Splitting Experience (Part 3, Chapter 6)

Part 3, Chapter 6

Once when I was a seminarian (a man studying to be a priest), I was asked to help out with a function.  There was much work to be done for this event and there was set up.  I was asked to set up the chairs, so I was doing this when, I decided to manhandle a stack of chairs, suddenly it happened, I wasn’t expecting it.  Oh it was so, so embarrassing.  I thought that I was doing so great and then I split my pants.  Lifting chairs and wearing khakis is not a good combination.  I couldn’t believe that it happened, I wanted to hide.  What made it worse was the fact that I had no other pants with me and that the party involved our Bishop and many of the priests of the Diocese.  There was definitely some abjection involved in this.  “There is a difference between humility and abjection; for abjection is the poverty, vileness and littleness that exist in us, without our taking heed to them; but humility implies a real knowledge and voluntary recognition of that abjection” (Introduction to the Devout Life, 84).  In my little story there was abjection, but not really a sense of humility.  If I had offered this suffering to the Lord and said something like, “I deserve to have this happen to me because I am nothing,” than I might have humility.  St.
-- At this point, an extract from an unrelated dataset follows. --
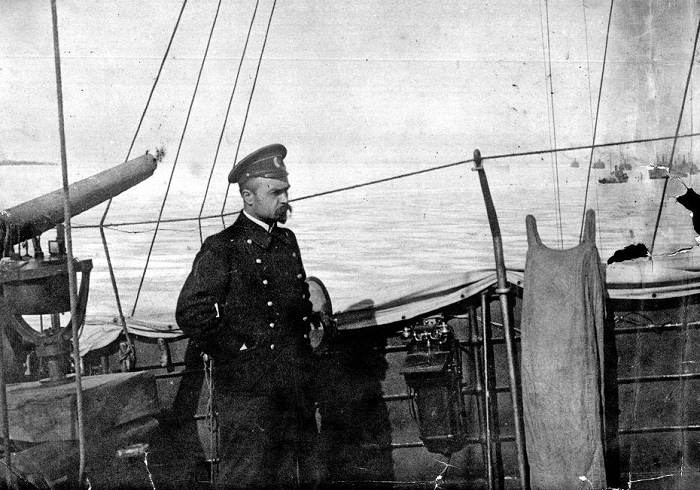 Капитан 1-го ранга Алексей Михайлович Щастный, начальник Морских сил Балтийского флота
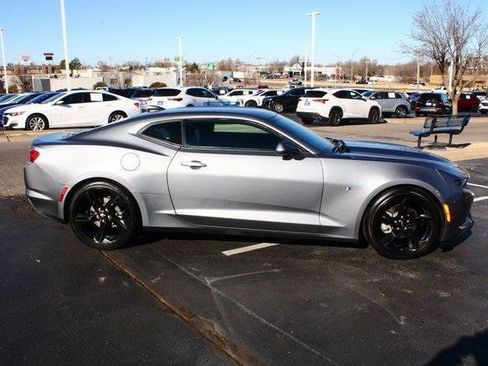 Used 2022 Chevrolet Camaro LT image 6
Francis De Sales says, “And what I want to teach you is, that we should not merely rejoice in our trouble, which we do by means of patience, but we should also cherish the abjection, which is done by means of humility” (Introduction to the Devout Life, 85).  To cherish the abjection and rejoice in the trouble, wow, I know I have a long ways to go.  Still, this is what is involved in the devout life. 

We shouldn’t look for ways of having humility, they will naturally happen.  Life brings plenty of opportunities for us to be humble.   Humility will come knocking at our doors.  St. Francis De Sales talks about abjection in this context when he says, “Unquestionably, those most helpful to our own souls, and most acceptable to God, are such as come accidentally, or in the natural course of events” (Introduction to the Devout Life, 86).  Humility comes and is needed in our lives, we should embrace it when it comes.